Hold me a little closer and drown out the lies. Their words are becoming truth, snakes under my skin.
I can no longer find the quiet spaces I used to retreat to. She has been taken from me. My secrets have been snatched, still untold, but not mine to tell anymore.
I feel like the dull ache in your legs after a Thursday night shift. Like the emptiness of being awake at 3 Am. All the time.
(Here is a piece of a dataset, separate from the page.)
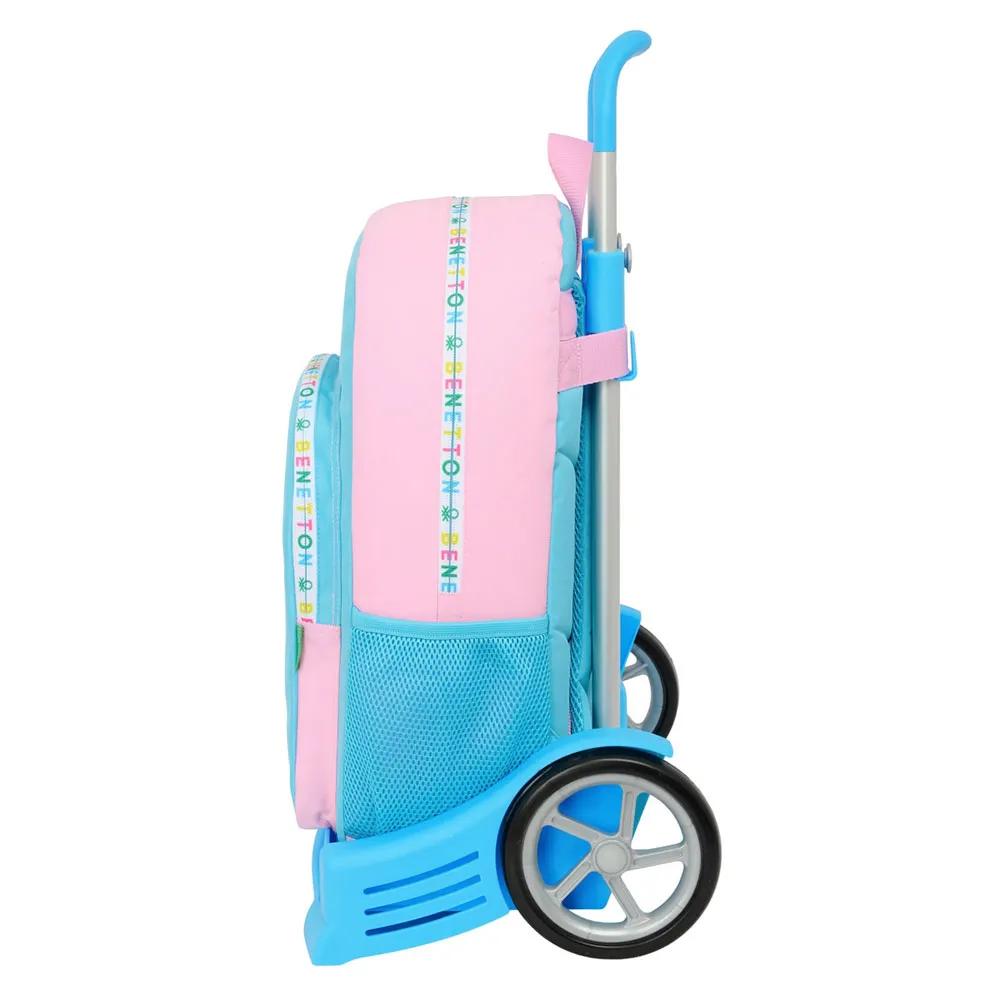 Safta Evolution Trolley Benetton Unique Ryggsekk Med Hjul, Multicolor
I can taste hostility in the back of my throat. Sour grapes, hard to bite into. I scrape my tongue with a tooth brush laden with paste as Mum always told me that was how you got rid of bad breath.
Her words rest on my tongue now.
The edging of lace on my grandmother’s table. My fingertips pull at the edges. Photographs, paintings, of those who do not want my eyes there are screaming at me. I am wasting away in my own way. On the inside I am dying, drying. A dried, feeble daisy.
There is no brightness in the hollow of now. The sound is screeching, moving to the beat of a thousand electro hits. It’s a dark tunnel. Most people think and fear loudly in 140 characters or less. I fear permanency.
If the cold rain could wash us away, down the sidewalk, to a drain. If we could run through the cobblestones and create irregular rectangle patterns through the cracks of less accepting times, well, maybe, that would be for the best. Quieter at least.